Suppose you want to estimate the expected value of a function$f(x)$under a probability distribution $p(x)$, but you only have samples from a different distribution $q(x)$. Importance sampling can be used to provide an unbiased estimate of this expected value.
Mathematically, the expected value of$f(x)$under $p(x)$ is given by:
$
\mathbb{E}_{p}[f(x)] = \int f(x)p(x)dx
$
However, you only have samples from $q(x)$. The importance sampling estimator uses a weighted average of the function values at the sampled points, with weights given by the ratio of the probabilities under the two distributions. The estimator is given by:
$
\hat{\mathbb{E}}_{p}[f(x)] = \frac{1}{N} \sum_{i=1}^{N} \frac{p(x_i)}{q(x_i)} f(x_i)
$
where $x_i$are samples drawn from $q(x)$, and $N$ is the total number of samples.
The ratio$\frac{p(x_i)}{q(x_i)}$is known as the importance weight and corrects for the fact that the samples are drawn from $q(x)$rather than $p(x)$. This ratio adjusts the contribution of each sample to reflect how likely it would be under the distribution of interest $p(x)$.
An important aspect to consider in importance sampling is the choice of$q(x)$. Ideally, $q(x)$ should be close to $p(x)$and should also have a heavy tail if $f(x)$has a heavy tail. If$q(x)$is very different from $p(x)$, the importance weights can vary greatly, leading to high variance in the estimate.

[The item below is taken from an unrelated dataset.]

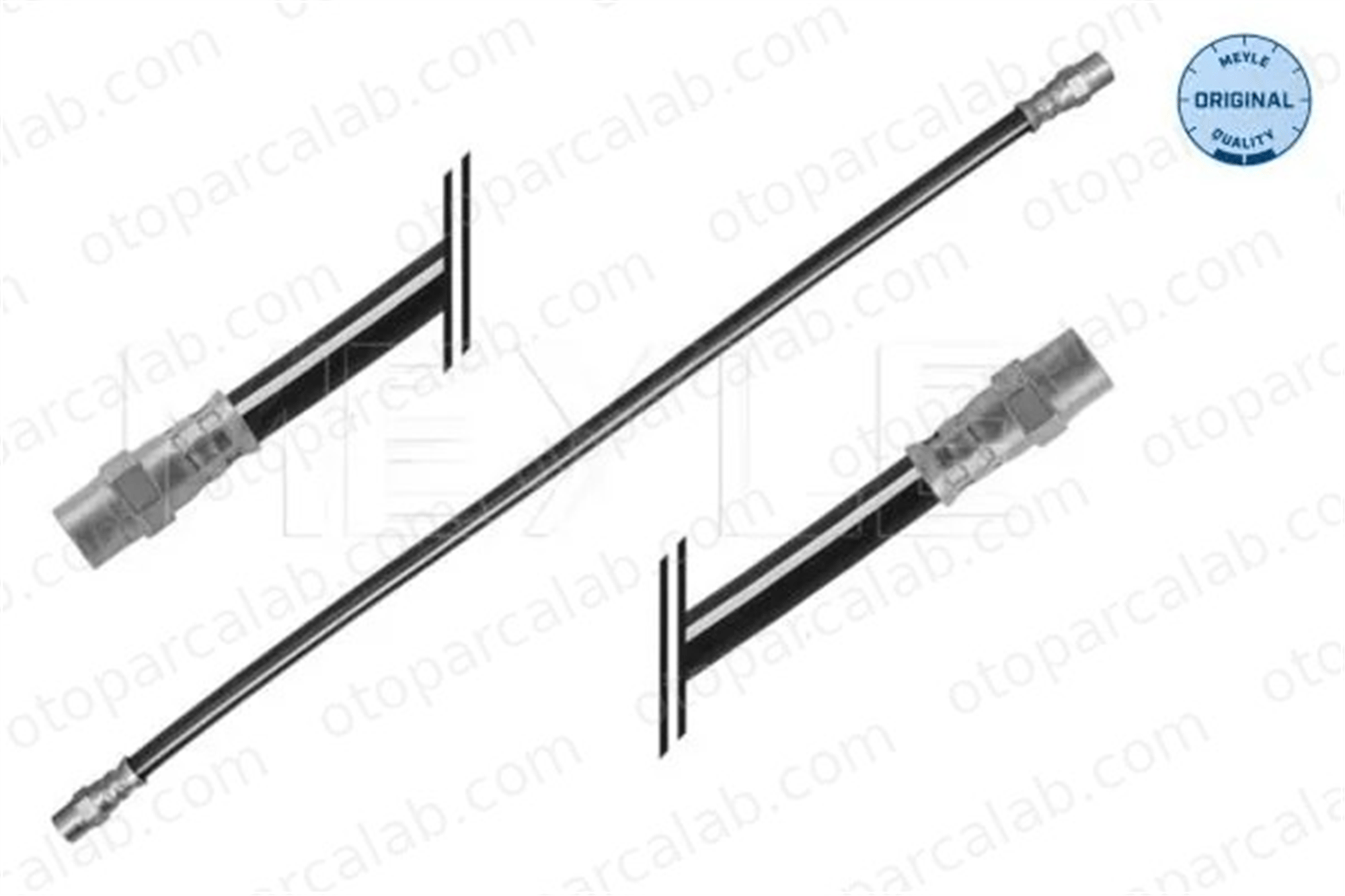 MEYLE 014 042 0010 Fren Hortumu Arka Sağ veya Sol MERCEDES-BENZ T1 Platform şasi T1 Minibüs/Otobüs A0014289535 14289535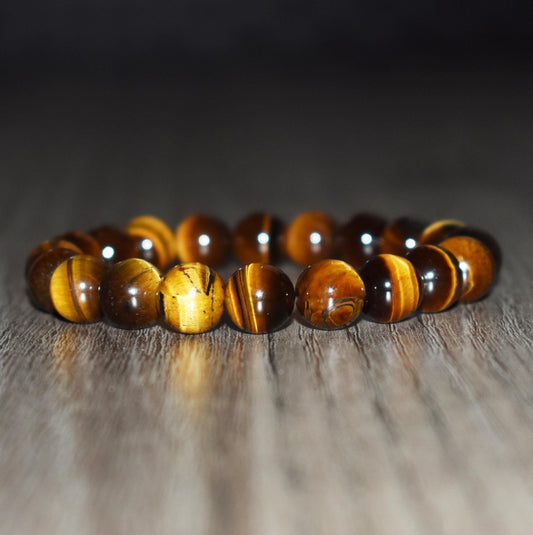 10mm Tiger Eye Bracelet for Men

This is a common challenge in implementing importance sampling effectively.
## Application Examples
**Off-policy RL:** Evaluate target policy π using data from behavior policy μ:
$V^π(s) = \mathbb{E}_μ\left[\frac{π(A_t|S_t)}{μ(A_t|S_t)} G_t | S_t = s\right]$
**Policy optimization methods:**
[[TRPO - Trust-Region Policy Optimization]] optimizes surrogate objective with KL constraint:
$L(\theta) = \mathbb{E}\left[\frac{\pi_\theta(a|s)}{\pi_{\theta_{old}}(a|s)} A(s,a)\right]$
$\text{s.t. } \mathbb{E}[D_{KL}(\pi_{\theta_{old}}(\cdot|s) || \pi_\theta(\cdot|s))] \leq \delta$
[[PPO - Proximal Policy Optimization]] uses clipped importance sampling ratio:
$L(\theta) = \mathbb{E}\left[\min\left(\frac{\pi_\theta(a|s)}{\pi_{\theta_{old}}(a|s)} A(s,a), \text{clip}\left(\frac{\pi_\theta(a|s)}{\pi_{\theta_{old}}(a|s)}, 1-\epsilon, 1+\epsilon\right) A(s,a)\right)\right]$
where
- **π_θ**: The *current* policy being updated (parameterized by θ)
- **π_θ_old**: The *previous* policy from the last iteration
- **π*** (optimal policy): What we're ultimately trying to converge to
The process works iteratively:
1. Collect data using π_θ_old
2. Use importance sampling to estimate how π_θ would perform on that data
3. Update θ to improve the policy
4. Repeat: π_θ becomes the new π_θ_old
The importance sampling ratio π_θ(a|s)/π_θ_old(a|s) lets us reuse old data to evaluate the new policy, avoiding the need to collect fresh data at every step (which would be expensive).
So π_θ is our current best guess at the optimal policy, which we keep improving until hopefully π_θ ≈ π*.